When we awoke the second morning in Bremen, our hosts laid out a large German breakfast again, complete with fresh brötchen, an assortment of cheeses and meats, sliced cucumbers and tomatoes, etc. Our girls were the most excited about the wurst slices shaped like bears. We devoured our favorite meal of the day, slathered on the sunscreen, packed up the kids and gear, and drove an hour north to Cuxhaven for our extra special super dirty day at the mudflats.

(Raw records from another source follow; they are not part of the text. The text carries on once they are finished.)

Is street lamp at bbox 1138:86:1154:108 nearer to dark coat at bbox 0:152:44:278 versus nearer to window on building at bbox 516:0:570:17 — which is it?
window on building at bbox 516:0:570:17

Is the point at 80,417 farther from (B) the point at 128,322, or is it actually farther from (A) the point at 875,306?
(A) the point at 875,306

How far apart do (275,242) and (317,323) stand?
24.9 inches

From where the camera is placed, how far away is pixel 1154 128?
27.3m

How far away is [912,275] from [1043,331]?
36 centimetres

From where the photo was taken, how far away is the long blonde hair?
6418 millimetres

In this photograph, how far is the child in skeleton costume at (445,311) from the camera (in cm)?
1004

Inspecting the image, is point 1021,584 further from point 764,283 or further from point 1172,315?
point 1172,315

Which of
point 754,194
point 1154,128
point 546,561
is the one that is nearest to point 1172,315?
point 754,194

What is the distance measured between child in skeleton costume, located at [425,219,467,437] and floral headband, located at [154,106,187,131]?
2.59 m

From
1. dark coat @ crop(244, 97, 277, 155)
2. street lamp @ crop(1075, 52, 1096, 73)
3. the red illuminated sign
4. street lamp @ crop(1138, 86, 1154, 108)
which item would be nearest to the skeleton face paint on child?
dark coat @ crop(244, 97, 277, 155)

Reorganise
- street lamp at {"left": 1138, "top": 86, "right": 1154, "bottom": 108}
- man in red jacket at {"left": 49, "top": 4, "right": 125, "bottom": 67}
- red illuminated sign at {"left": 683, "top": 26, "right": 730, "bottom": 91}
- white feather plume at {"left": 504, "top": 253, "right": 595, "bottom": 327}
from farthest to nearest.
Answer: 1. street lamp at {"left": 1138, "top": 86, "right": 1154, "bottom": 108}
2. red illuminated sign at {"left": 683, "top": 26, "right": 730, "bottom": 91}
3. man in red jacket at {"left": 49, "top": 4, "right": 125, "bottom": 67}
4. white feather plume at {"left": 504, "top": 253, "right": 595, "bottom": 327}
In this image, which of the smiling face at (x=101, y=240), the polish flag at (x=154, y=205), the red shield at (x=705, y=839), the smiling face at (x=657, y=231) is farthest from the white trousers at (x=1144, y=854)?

Low-tide is especially low in this portion of the North Sea. If you are standing on the beach you can’t even see the water and you can walk out to some of the barrier islands. This wide expanse of muddiness is called the mudflats, and I only knew the German word for it (Watt) until we looked up the translation of the word on the internet recently. I am a Midwesterner after all, and I spent a whole summer waiting tables on one of these barrier islands (Norderney) where I was introduced to the concepts and vocabulary of coastal living auf Deutsch. I hold a very special place in my heart for northern Germany, and not just because of their easy to understand hoch Deutsch, and this day spent at the beach and mudflats really only served to cement this LOVE.
Anyone who has small children will know that I am glossing over the nitty gritty ugly details of how fun it ISN’T to schlepp 4 children ages 1-4, 4 adults, and all the accompanying gear, snacks, drinks etc required for a day out onto a sandy beach. The husbands dropped the moms, 90% of the gear, and the 4 kids off near the entrance and then searched for a place to park the cars. We ladies found a spot to camp and got everything set up only to have the men arrive 20 minutes later to tell us they had rented a Strandkorb 100 meters away. We were thankful for the Strandkorb, but not so thankful that we had to pick up and move again with the 4 kids, a beach ½ tent, a stroller, 4 kids, etc etc etc. At least the men were there to help.

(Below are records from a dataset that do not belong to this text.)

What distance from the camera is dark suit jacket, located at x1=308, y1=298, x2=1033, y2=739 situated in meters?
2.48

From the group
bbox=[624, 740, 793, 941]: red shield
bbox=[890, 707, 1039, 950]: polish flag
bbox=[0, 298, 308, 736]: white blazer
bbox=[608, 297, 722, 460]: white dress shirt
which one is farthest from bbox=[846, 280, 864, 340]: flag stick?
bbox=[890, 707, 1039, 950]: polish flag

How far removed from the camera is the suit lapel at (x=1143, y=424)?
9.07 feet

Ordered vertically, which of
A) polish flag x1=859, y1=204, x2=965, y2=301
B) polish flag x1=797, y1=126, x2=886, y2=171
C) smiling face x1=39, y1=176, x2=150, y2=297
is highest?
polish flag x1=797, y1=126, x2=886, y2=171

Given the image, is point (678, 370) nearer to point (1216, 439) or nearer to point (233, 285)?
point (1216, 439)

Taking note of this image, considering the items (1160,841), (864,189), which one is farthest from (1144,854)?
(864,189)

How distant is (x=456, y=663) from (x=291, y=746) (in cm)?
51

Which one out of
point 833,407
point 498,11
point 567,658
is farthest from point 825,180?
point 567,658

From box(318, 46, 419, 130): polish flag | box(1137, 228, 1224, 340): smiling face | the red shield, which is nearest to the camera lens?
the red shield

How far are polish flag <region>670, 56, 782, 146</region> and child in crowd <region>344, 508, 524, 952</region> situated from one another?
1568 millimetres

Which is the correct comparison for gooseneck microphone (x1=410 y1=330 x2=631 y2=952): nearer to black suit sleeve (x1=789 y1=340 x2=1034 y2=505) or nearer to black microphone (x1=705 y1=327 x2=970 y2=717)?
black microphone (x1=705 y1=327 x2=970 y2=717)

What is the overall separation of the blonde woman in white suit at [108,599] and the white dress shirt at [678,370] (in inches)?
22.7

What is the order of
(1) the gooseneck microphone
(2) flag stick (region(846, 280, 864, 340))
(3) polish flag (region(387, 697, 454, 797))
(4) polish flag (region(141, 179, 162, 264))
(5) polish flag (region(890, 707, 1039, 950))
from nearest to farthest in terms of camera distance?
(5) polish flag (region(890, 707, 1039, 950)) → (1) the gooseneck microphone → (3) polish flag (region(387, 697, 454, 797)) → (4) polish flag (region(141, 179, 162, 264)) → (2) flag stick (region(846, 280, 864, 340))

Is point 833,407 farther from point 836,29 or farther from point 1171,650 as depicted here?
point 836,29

Here we are sitting in the Strandkorb. I've decided that we MUST have one in our garden when we finally own a house!
This was the view from our Strandkorb.
Once we got re-set-up with our gear, the Wattwandern began. (Literally: Mudflat hiking.) Annika was acting adorably cautious, which is completely against her nature. When I asked her why, she told me, “I don’t want to get too dirty Mama.” Seriously kid? I gently reminded her that it was our extra special super dirty day and that she is certainly washable, and she promptly plopped down on her belly and started doing a crawl through the mud.

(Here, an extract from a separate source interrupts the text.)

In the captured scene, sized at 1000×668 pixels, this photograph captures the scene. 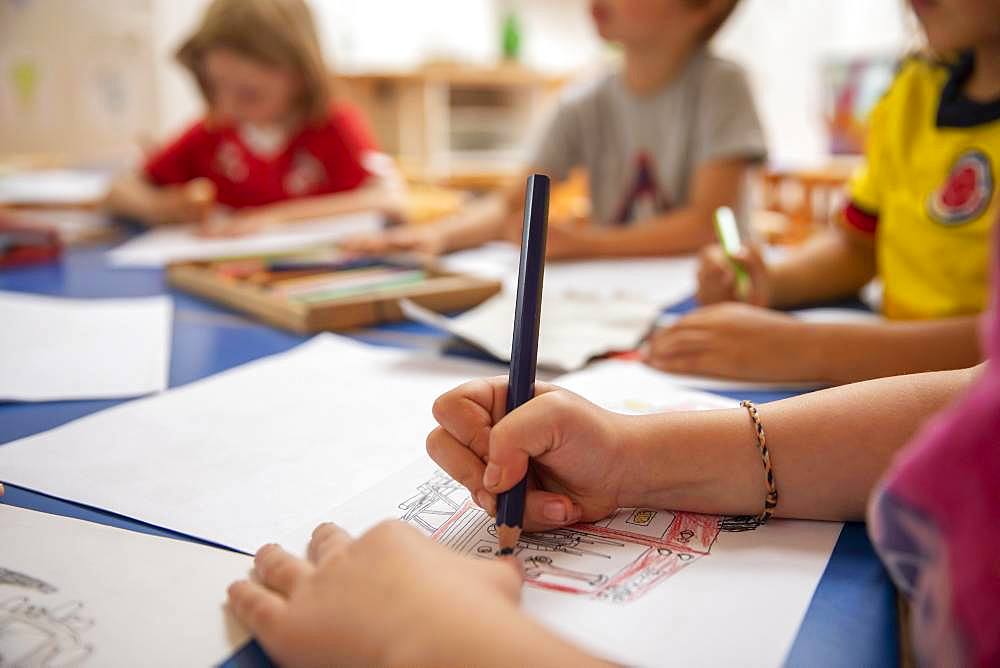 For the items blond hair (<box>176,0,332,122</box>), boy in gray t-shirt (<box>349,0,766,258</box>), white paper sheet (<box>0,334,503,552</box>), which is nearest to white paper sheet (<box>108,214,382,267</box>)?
boy in gray t-shirt (<box>349,0,766,258</box>)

The kids passed the day searching for crabs and sea worms and constructing sand castles, while we adults took turns sitting on the beach and wandering with the kids. It was marvelously relaxing, especially as the tide stays out until almost 3:45pm so I wasn’t constantly fretting about anyone drowning.
This was the biggest crab they found.
Squelch Squirch Squelch Squirch Squelch Squirch!
The mud makes this amazing crackling popping sound as you are walking along and the air is escaping. This picture hardly does justice to the way it is covered in tiny holes and foot prints. It was a great work out for my legs trying not to slip while at the same time pulling my feet up from the muck.
Here are the men with the 3 bigger kids wandering out, and we still couldn't see the water.
Mayzie doing some serious sand play.
When the tide was about 150 meters from the shore, I walked out to the edge of the water with our girls. We walked the water in toward the shore and rinsed off some of the mud from the day.
We arrived back at the W house, bathed and fed the kids, and bedtime was MUCH easier than the previous night. We ordered pizzas for the grown-ups and sat on the porch chatting. LW came over again with another friend of ours and we all had great laughs telling BK (before kids) stories and reminiscing about our shared pasts. Isn’t that the best thing about old friends? I love that my husband gets to hear stories about me from before he knew me from men who have known me for most of my life. I feel incredibly lucky to have these amazing friends in my life still and even luckier that even as we have grown up and changed, we still have so many things to talk about and relate. (Sorry, getting a little mushy!)
As the light finally faded in Northern Germany that night (at 10:30pm), I knew that day was something special. It was one of those days that you wish would never end, when the hours never seem long enough and the clock mocks you with its quick pace. The day was not without hiccups: I carried a kicking and screaming Mayzie the entire 1km back to the car from the beach while horrified Oma onlookers mocked with the faces of scorn for example. But this day was amazing for the simplicity and slow paced joy and even some moments of relaxation that it brought. I will never forget this day or the lovely people that made it so special!